**Task goal**
Find each line below where the word "href" occurs, and copy it.
Records for this exercise below:
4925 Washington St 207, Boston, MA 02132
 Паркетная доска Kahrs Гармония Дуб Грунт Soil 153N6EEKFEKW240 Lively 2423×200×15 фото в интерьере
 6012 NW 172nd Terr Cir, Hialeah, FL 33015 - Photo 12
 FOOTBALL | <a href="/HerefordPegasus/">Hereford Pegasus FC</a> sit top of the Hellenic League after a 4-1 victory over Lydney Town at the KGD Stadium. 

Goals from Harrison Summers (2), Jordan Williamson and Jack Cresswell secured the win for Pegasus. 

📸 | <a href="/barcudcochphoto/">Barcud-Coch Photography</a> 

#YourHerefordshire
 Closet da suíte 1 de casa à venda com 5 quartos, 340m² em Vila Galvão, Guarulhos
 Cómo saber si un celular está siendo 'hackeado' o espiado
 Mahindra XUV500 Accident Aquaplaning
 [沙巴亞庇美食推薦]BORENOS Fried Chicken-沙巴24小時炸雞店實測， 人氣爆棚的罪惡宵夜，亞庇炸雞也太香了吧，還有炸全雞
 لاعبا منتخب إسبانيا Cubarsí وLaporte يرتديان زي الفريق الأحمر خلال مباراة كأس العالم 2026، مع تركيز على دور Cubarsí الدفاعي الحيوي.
End of Records for this exercise.
**Answer for the task**
 FOOTBALL | <a href="/HerefordPegasus/">Hereford Pegasus FC</a> sit top of the Hellenic League after a 4-1 victory over Lydney Town at the KGD Stadium. 
📸 | <a href="/barcudcochphoto/">Barcud-Coch Photography</a> 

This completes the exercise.